2020-11-24 16:40:14,942 [ERROR ] ConnectionOpenFailedError: 'ssh -fN -o ControlMaster=auto -o ControlPersist=15m -o ControlPath=/home/ch/.cache/datalad/sockets/bc54bd86 ubuntu@3.238.172.53' failed with exitcode 255 [Failed to open SSH connection (could not start ControlMaster process)] [sshconnector.py:open:541] (ConnectionOpenFailedError)

To reproduce:

reproman create -t aws-ec2 -b image=ami-0fe4bc00534545c58 -b instance_type=t3.large -b key_filename=$HOME/.ssh/aws -b key_name=<key name> -b user=ubuntu nitrc-ce
datalad create data
cd data
reproman run -r nitrc-ce --orchestrator datalad-pair pwd
reproman jobs <job id>

This AMI is CE-LITE; the same happens on ami-07ae3592c03add705 (CE standard).

Using the plain orchestrator works as expected.

kyleam commented 3 years ago

Hmm, I don't see the identity file in the ConnectionOpenFailedError, but there's a dance behind the scenes to try to set that up.
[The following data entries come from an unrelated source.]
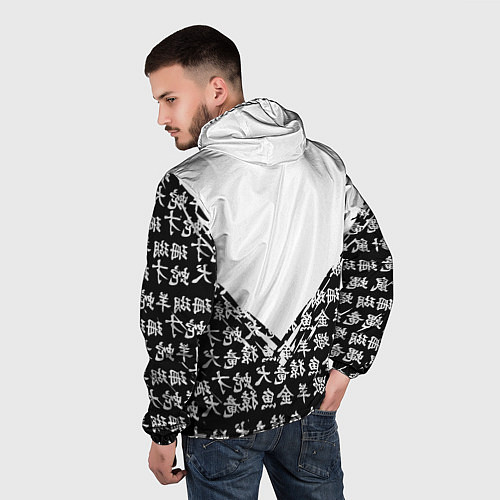 Мужская ветровка Doom японские символы / 3D-Белый – фото 4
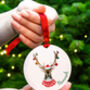 Personalised Christmas Reindeer Tree Decoration, thumbnail 1 of 8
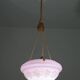 Chandelier en verre vintage Art Déco rose italien des années 1950 avec décorations.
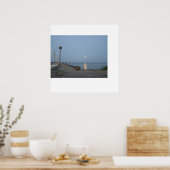 Poster Feu de lune de la marina de Northport Michigan (Cuisine)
https://github.com/ReproNim/reproman/blob/7af2e407fb60d782dc049e62082744600eff0574/reproman/support/jobs/orchestrators.py#L773-L779

Are you using DataLad v0.13.5 or later? There was a rework of some SSH-related things, and I wonder if somehow the identify file argument got lost in this spot.

kyleam commented 3 years ago

I said:

There was a rework of some SSH-related things, and I wonder if somehow the identify file argument got lost in this spot.

No, that doesn't look to be the issue (and wasn't a good guess because that should prevent any setup of the remote). I think the issue is that when we resurrect the orchestrator to fetch a job, it doesn't trigger the above code that sets up a custom identity file.